Reputation: 4114
It appears that the logical NOT operator !
has non-intuitive order of operations in arithemtic:
set.seed(42)
a <- sample(100, 3)
b <- sample(100, 3)
c <- sample(100, 3)
l <- (1:3) <= 2
a * !l - b * !l + c
# 0 0 29
# same expression, but with parentheses for explicit grouping order of operations
(a * !l) - (b * !l) + c
# 74 14 43
There must be something I do not understand about the !
operator in relation to *
or conversion from logical to numeric?
Upvotes: 3
Views: 341
Reputation: 206486
Note that in R, the negation operator !
will apply to entire expression to the right of the operator until it gets to the end or encounters an expression with a lower precedence. It does not just negate the most immediate term. Recall also that 0 is treated as FALSE and any other number is TRUE. So observe
!0
# [1] TRUE
!5
# [1] FALSE
!5-5
# [1] TRUE
!5-3-2
# [1] TRUE
(!5)-3-2
# [1] -5
So you see in the case of !5-3-2
the negation isn't happening until after the 5-3-2 is evaluated. Without the parenthesis, the negation is the very last thing that happens.
So when you write
a * !l - b * !l + c
that's the same as
a * !(l - (b * !(l + c)))
Because all the operations have to happen to the right of the negation before the negation can occur.

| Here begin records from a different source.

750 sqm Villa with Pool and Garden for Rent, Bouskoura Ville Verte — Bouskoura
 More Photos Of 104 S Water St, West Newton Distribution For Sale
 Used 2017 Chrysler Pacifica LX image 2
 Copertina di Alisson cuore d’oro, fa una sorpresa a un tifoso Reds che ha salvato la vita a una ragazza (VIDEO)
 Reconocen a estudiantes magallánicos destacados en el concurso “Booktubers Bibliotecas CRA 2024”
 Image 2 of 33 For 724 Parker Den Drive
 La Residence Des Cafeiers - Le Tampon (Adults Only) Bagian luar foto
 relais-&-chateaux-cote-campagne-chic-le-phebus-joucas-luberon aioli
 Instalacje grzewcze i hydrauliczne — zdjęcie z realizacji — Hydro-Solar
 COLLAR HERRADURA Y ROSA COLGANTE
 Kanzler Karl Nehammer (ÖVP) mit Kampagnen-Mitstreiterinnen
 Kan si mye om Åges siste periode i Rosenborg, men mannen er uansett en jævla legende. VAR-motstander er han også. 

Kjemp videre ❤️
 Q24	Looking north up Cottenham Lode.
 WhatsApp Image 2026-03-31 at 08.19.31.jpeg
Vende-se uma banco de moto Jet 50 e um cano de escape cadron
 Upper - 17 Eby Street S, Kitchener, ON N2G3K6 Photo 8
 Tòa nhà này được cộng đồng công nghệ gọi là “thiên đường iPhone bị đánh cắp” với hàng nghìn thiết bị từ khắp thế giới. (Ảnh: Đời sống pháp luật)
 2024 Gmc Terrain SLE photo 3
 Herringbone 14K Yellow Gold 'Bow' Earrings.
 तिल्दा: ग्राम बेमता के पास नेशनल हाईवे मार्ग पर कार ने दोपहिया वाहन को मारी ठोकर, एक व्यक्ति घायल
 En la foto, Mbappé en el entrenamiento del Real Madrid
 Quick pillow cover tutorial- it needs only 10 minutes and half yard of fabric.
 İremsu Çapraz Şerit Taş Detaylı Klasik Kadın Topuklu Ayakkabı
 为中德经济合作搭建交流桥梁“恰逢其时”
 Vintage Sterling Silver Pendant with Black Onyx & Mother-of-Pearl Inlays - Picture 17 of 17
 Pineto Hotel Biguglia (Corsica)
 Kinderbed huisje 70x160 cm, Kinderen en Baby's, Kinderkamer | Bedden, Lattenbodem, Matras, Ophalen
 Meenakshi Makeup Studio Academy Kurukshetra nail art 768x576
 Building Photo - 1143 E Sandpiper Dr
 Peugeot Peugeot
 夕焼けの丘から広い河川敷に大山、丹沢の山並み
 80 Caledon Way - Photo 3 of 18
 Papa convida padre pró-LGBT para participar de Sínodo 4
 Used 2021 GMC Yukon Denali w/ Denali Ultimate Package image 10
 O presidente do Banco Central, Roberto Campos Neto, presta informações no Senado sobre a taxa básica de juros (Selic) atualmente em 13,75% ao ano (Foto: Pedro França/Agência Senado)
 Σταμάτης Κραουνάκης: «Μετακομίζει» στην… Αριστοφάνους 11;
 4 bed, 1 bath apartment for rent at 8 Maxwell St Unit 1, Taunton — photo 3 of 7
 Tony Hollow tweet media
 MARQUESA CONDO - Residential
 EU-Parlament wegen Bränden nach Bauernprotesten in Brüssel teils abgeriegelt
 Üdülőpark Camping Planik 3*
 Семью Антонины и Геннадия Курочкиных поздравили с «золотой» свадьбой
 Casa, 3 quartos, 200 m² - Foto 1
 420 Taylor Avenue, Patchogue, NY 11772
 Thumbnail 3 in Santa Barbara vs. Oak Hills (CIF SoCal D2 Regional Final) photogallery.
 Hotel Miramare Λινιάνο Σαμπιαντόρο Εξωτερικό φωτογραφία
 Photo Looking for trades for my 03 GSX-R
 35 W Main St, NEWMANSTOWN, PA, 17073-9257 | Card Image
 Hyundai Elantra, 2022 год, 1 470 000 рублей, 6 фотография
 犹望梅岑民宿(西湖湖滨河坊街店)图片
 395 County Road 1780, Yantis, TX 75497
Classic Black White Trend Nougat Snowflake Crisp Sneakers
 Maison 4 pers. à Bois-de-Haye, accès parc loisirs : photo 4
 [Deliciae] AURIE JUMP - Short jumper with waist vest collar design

If you want to negate just the l
terms, you can do
a * (!l) - b * (!l) + c
This is a function of the operator precedence in R (see the ?Syntax
help page for details). It's once of the last operators to be evaluated in the given expression.
Note that &
and |
have a lower precedence than !
so when you do
!a | !b & !c
that's the same as
(!a) | ((!b) & (!c))
so this roughly would be what you expect if you just stick to logical operators. It just gets a bit odd perhaps when you combine logical and arithmetic operators.